Data below:
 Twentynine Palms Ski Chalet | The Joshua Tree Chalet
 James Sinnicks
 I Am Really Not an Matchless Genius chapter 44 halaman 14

Your goal: Exact reproduction of the listing above is required.

Output:
 Twentynine Palms Ski Chalet | The Joshua Tree Chalet
 James Sinnicks
 I Am Really Not an Matchless Genius chapter 44 halaman 14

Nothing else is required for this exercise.